0:54 – 1:48 | Introduction Austin Littrell introduces the episode and previews the conversation with Patel.

1:48 – 2:42 | The biggest pain points in medical payment processing Patel describes the current state: constantly changing payer rules, more prior auth requirements, rising denial rates and increasingly fragmented systems — all adding up to mass frustration across the industry.

2:42 – 4:14 | Why hasn't this been fixed? Patel explains the structural problem — misaligned incentives, fragmented payer systems, information that's nearly impossible to access without calling the insurer directly, and a staffing pipeline that keeps burning out the specialized people needed to manage it all.

4:14 – 5:28 | Three routes practices take Patel lays out the options: hire more in-house staff, outsource to a medical billing company or adopt technology. Each has tradeoffs, and knowing which fits your practice depends heavily on size and growth stage.

5:28 – 8:34 | How AI actually fits into revenue cycle management Patel distinguishes between two AI models — full automation for lower-stakes tasks like scribing, and a co-pilot approach for higher-stakes work like billing where a human needs to stay in the loop. He walks through specific use cases, including clean claims checks and AI-assisted appeal letter writing, where tasks that took hours now take minutes.

8:34 – 9:26 | P2 Management Minute Keith Reynolds shares practice management tips and invites listeners to submit their own workflow ideas.

9:26 – 10:45 | Patient payments and the system-of-record problem Patel addresses the gap between insurance and patient payment systems, explaining why most practices can't answer basic questions about their own collection rates — because there is no single source of truth, and the EMR was never really built to be one.

10:45 – 12:10 | How to modernize your payment systems Patel's advice: skip the Google search and ask peers what's actually working. Smaller practices should look for one or two tools that do most of the work; larger practices can afford point solutions. Conferences are an underrated place to vet vendors in person.

12:10 – 13:15 | What metrics to demand from vendors Patel says practices should know their own collection rate and average time to payment before approaching any vendor — and then hold that vendor accountable to moving those specific numbers, not just general promises.

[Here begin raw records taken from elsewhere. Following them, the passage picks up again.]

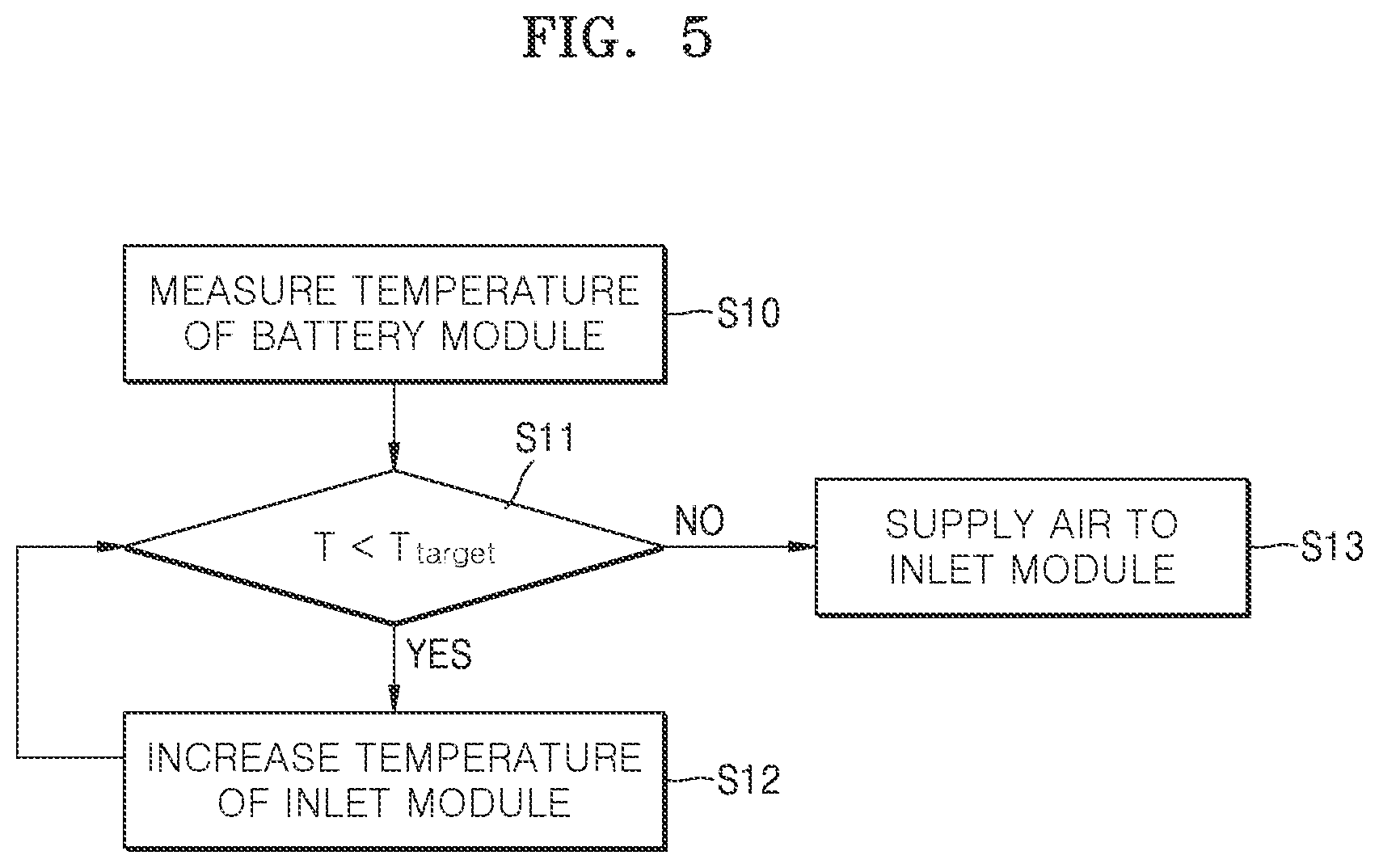 Patent US11784367 Figure 6 – Metal-air battery apparatus and method of controlling temperature thereof
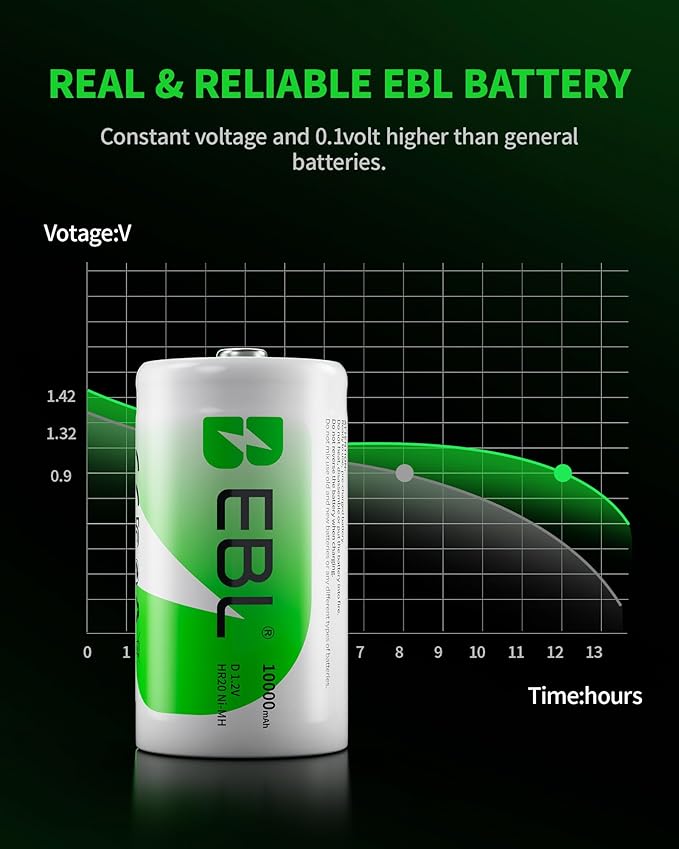 EBL D Battery D Size Rechargeable Batteries 10,000mAh Ni-MH, Pack of 2 - ProCyco Technology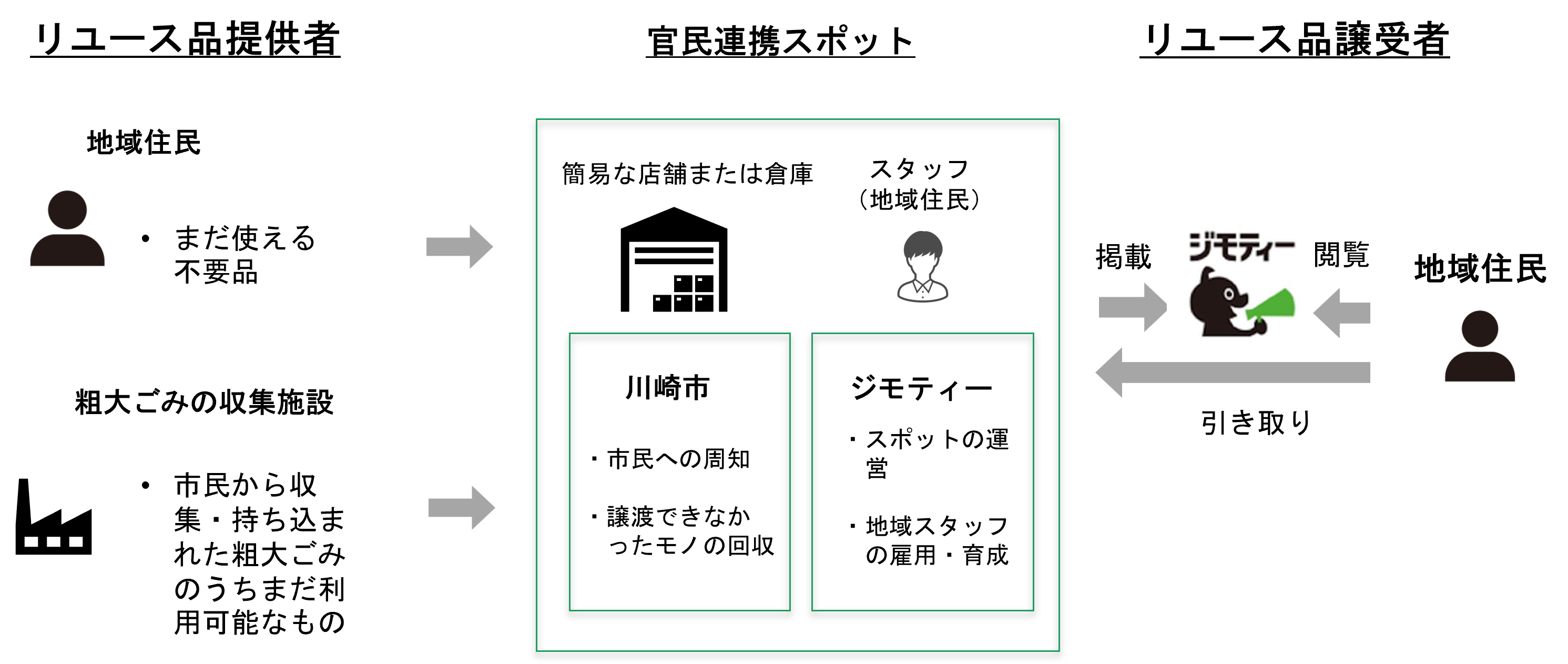 ジモティースポットの仕組み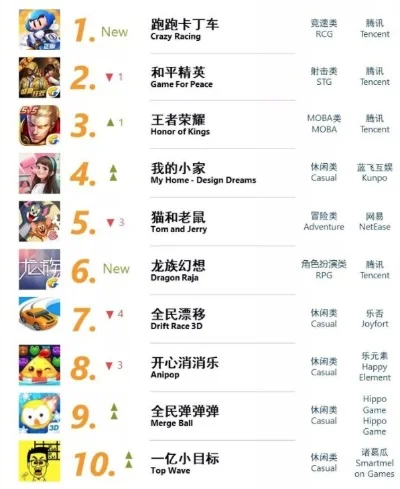 枪战手游排行榜在哪看-枪战手游排行榜指南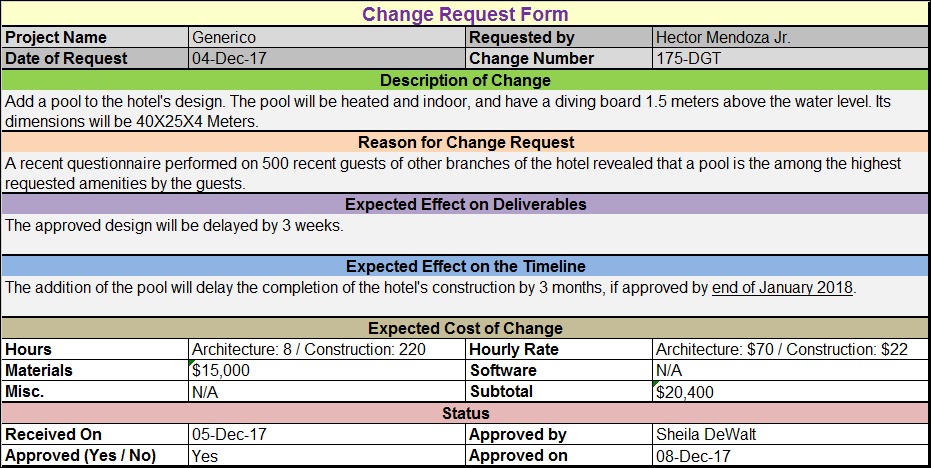 ITIL Change Request Form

13:15 – 14:24 | Where technology makes the biggest difference Denials management. It's the most labor-intensive part of revenue cycle — vague denial reasons, phone calls to insurers, appeal letters, follow-up — and the area where Patel sees the clearest case for technology.

14:24 – 15:51 | The five-to-ten year outlook Patel pushes back on the idea that AI will replace medical billers, arguing that the specialized institutional knowledge experienced billers carry is something AI can't replicate. His prediction: billers stick around but become significantly more productive — and health care payments never fully loses its friction.